WORK REQUIRED:
Give the data again word for word; drop the pictures.

DATASET EXCERPT:
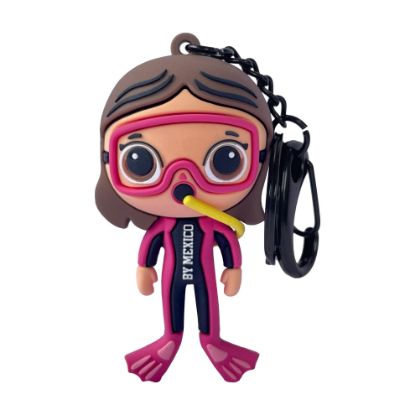 Imagen de By Mexico Llavero  3D Niña Buzo 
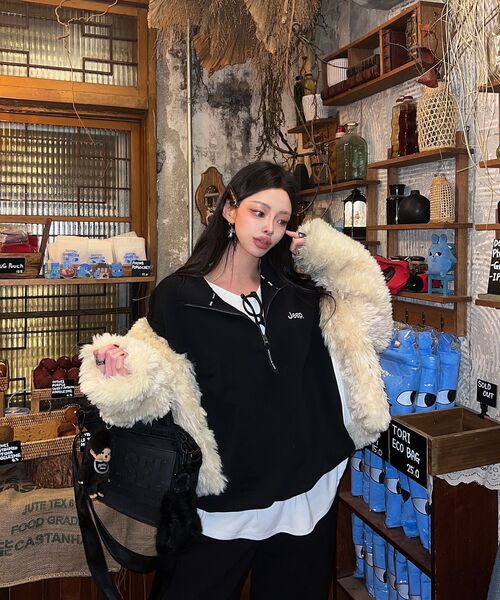 JEEP(ジープ)の「【360g】M-Logo反集業マンツーマン(JR5TSU838BK)(スウェット・レディース・その他・2XL/LARGE/MEDIUM/SMALL/X-LARGE)」の18枚目の写真
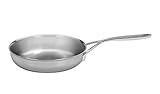 demeyere Fry Pan, Edelstahl, Schwarz, 28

EXPECTED ANSWER:
 Imagen de By Mexico Llavero  3D Niña Buzo 
 JEEP(ジープ)の「【360g】M-Logo反集業マンツーマン(JR5TSU838BK)(スウェット・レディース・その他・2XL/LARGE/MEDIUM/SMALL/X-LARGE)」の18枚目の写真
 demeyere Fry Pan, Edelstahl, Schwarz, 28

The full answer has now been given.